2001年5月4日コミティア購入物件


2001/08/31読了分

 兄買い本最後。

【同人誌】「海のプリンセスエミちゃん」 木持隆司 <木持アート出版>

【同人誌】「タイムパトロールユカちゃん」前編 木持隆司 <木持アート出版>

【同人誌】「タイムパトロールユカちゃん」後編 木持隆司 <木持アート出版>

【同人誌】「スーパーレディレナちゃん」予告編 木持隆司 <木持アート出版>

 一気読みしたらかなりクラッときました。まったくすごい漫画群であります。スズキトモユさんが以前詳しくレビューしていたけど、実際圧倒されます。作画についてはうまくない、というか積極的に下手といっていいと思う。どの作品でも、30年くらい前の子供がアメリカンな文化に憧れて描いたような、グラマラスな女性たちが主人公。その伸びやかさには何か見るべきものがすごくあるような気もするのだが、まったくなんだかどうしたものやら、ドギマギしてまう。この絵柄に代表されるような、レトロな、でも恐らく間違いなくナチュラルなんであろうなあと思われるセンスは、物語全体に蔓延している。

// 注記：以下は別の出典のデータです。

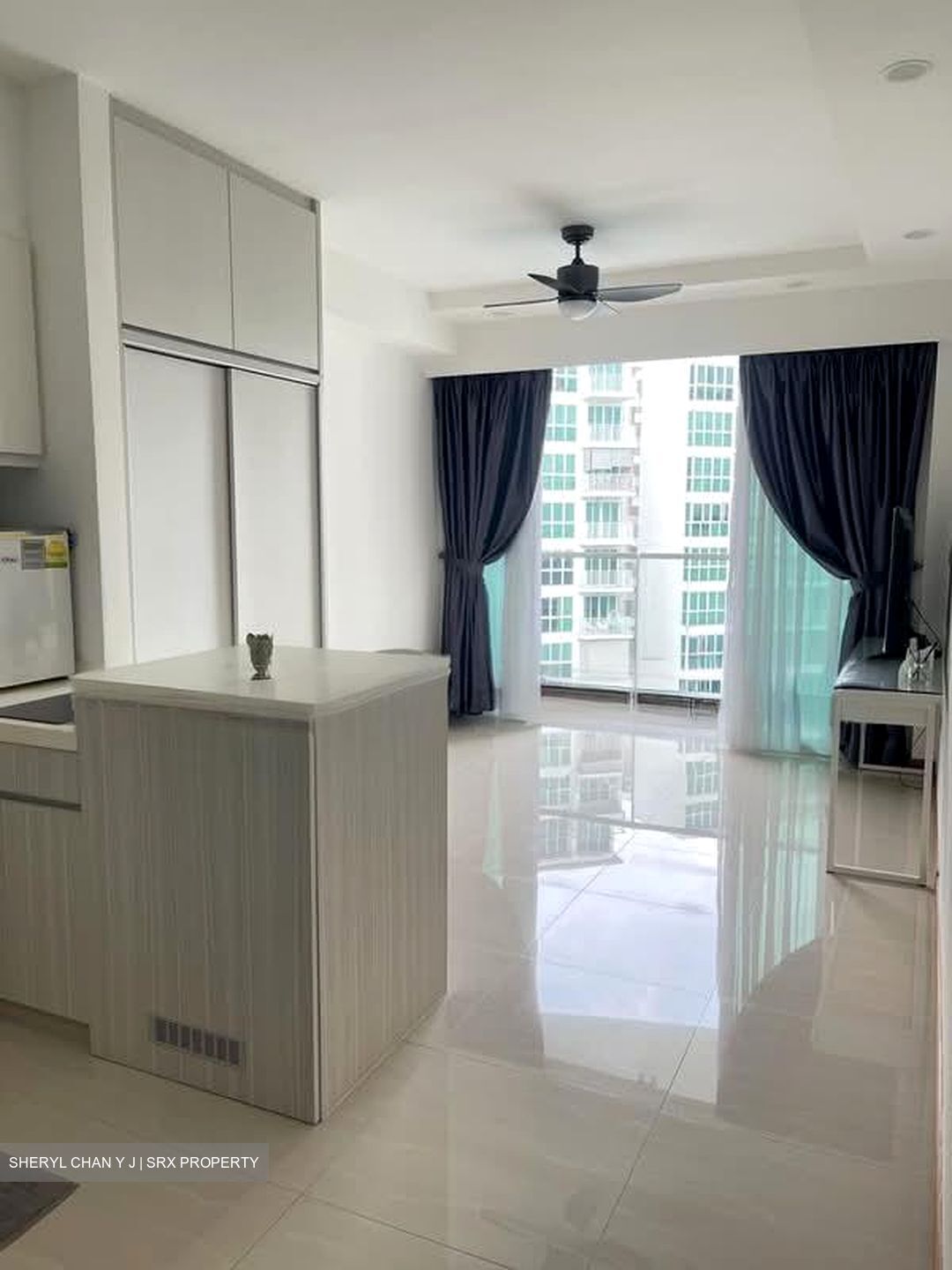 1 Canberra (D27), Condominium #574093191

 例えば「タイムパトロールユカちゃん」は、タイム・トラベルの犯罪を防ぐ宇宙パトロール隊に所属するユカちゃんが主人公。という設定を聞いただけですでにかなりレトロテイスト。さらに登場する隊のメンバーは、女の子はみなビキニ系の水着のような服しか着用せず、その伸びやかに発達したボディを惜しげもなくさらしてくれてるんですゾ! だからといって読んでいるほうとしては別にうれしくもなんともなかったりはするんですが。いや、むしろここまでやってくれるとステキすぎるのでうれしいか。セリフもすごいですよ。「なにするの!! エッチ!!」「ウッシッシッシッいいながめユカちゃんのヒップ」などなど。

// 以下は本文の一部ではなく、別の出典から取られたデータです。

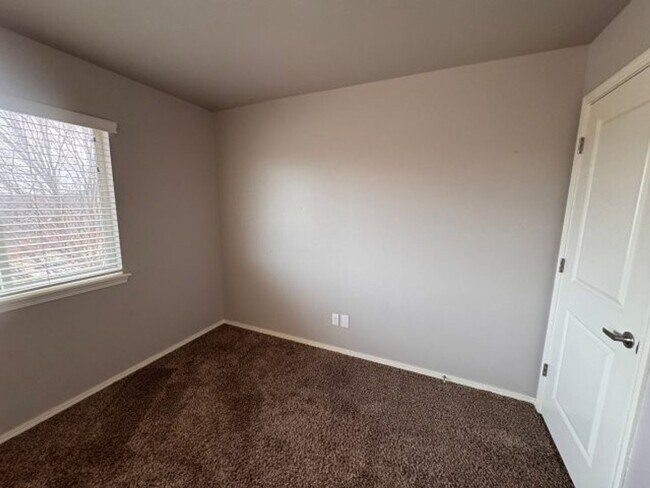 Building Photo - 6929 Mayberry Ln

 なんかいろいろな点で間違ってる漫画だと思います。服装センス。関節がヘンな方向に曲がった人体の描写。古臭いセリフ回し。セリフの文字を印刷した紙が大き過ぎてフキダシの線からハミだしちゃってたり、集中線や擬音の書き文字が異様にカッコ悪かったり。しかししかし。そんなことは木持漫画の持つスケールの大きさと比べれば、実はどうでもいいことなのです。すべての要素がからみ合って構成される、異様な極彩色のパラダイスは、脳髄を直撃してやまず。「タイムパトロールユカちゃん」なんて、そんなビューティフルワールドが200ページも続き、僕らを夢の地平線へと誘ってくれたりするのだ。これだけのモノを作り上げた、木持先生の情熱に敬服。「タイムパトロールユカちゃん」前編の冒頭に記された「寝ころんで、お菓子でも、食べながら楽しんでもらえたら」という木持先生の言葉に従い、寝ころんでお菓子でも食べながら読むことを推奨いたします。


2001/08/25読了分

 ここらへんは兄買い本。

【同人誌】「塔」 星園すみれこ <テヲレマ館>

 塔の中に監禁され、一人また一人と天井からぶら下がった縄で縊られて殺されていく少女たち。切り絵のような、トランプやタロットの図柄のようなクッキリ黒々とした線で描かれるホラー世界は、耽美的でなかなか良い雰囲気。細かくはないけどコントラストが利いてパンチのある作風なんで、商業誌に載ってもけっこう映えそうな気がする。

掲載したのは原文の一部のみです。